Die Galerie im Körnerpark präsentiert seit 1983 national und international renommierte Künstler*innen der Gegenwart. Der langgestreckte Raum der neobarocken Orangerieanlage bietet mit seiner hohen Fensterfront und dem malerischen Ausblick auf den Park einen ganz besonderen Rahmen für alle Sparten der Kunst.  

 

Mit den kostenlosen Konzertreihen Sommer im Park und Salonmusik im Frühjahr und Herbst wird der Körnerpark ganzjährig musikalisch bespielt.

 

Die Umstellung der Beleuchtung auf LED-Beleuchtung in der Galerie im Körnerpark wird gefördert durch das Programm "Nationale Klimaschutzinitiative" des Bundesministeriums für Umwelt, Naturschutz, Bau und Reaktorsicherheit aufgrund eines Beschlusses des Deutschen Bundestages und vom Europäischen Fonds für regionale Entwicklung.

Galerie im Körnerpark, Ausstellung "Art & Anthropology", 2016 (Foto: Mia Kuch)

 

 

Constructing the Earthquake (Folke Köbberling, Sharon Paz, Chryssa Tsampazi)

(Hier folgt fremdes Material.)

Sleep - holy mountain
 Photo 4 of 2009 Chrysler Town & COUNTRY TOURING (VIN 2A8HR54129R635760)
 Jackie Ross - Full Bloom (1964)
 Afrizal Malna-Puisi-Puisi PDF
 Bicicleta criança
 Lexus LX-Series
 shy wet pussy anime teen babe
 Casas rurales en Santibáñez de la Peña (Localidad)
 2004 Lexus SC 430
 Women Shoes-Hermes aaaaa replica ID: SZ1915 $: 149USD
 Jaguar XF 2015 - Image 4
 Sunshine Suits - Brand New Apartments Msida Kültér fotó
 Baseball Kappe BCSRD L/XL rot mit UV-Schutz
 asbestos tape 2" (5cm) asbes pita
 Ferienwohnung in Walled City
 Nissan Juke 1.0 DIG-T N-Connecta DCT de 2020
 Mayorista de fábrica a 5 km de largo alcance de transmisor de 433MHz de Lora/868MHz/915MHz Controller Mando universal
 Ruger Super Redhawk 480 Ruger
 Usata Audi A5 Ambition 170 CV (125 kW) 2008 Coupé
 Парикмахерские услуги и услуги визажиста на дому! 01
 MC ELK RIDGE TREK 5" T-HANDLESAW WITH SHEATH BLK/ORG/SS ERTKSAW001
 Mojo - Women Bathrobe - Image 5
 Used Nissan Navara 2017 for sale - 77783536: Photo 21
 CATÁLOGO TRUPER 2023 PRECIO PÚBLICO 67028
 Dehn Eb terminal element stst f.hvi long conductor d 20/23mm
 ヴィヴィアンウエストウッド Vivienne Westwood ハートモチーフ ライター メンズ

Installationen: Folke Köbberling, Sharon Paz
Performance: Chryssa Tsampazi

29. April bis 19. Juli 2017

Einführung: Dorothee Bienert, Kuratorin der Ausstellung

Constructing the Earthquake benutzt das Erdbeben als Metapher für unterschiedliche Formen gesellschaftlicher und emotionaler Erschütterungen.
Angesichts der zunehmenden Globalisierung und den diffusen Gefühlen von Kontrollverlust und Unsicherheit fragen die Künstler*innen nach der Eigenverantwortung des Menschen für seinen Lebensraum und suchen nach Wegen, um mit den neuen Realitäten flexibler umzugehen.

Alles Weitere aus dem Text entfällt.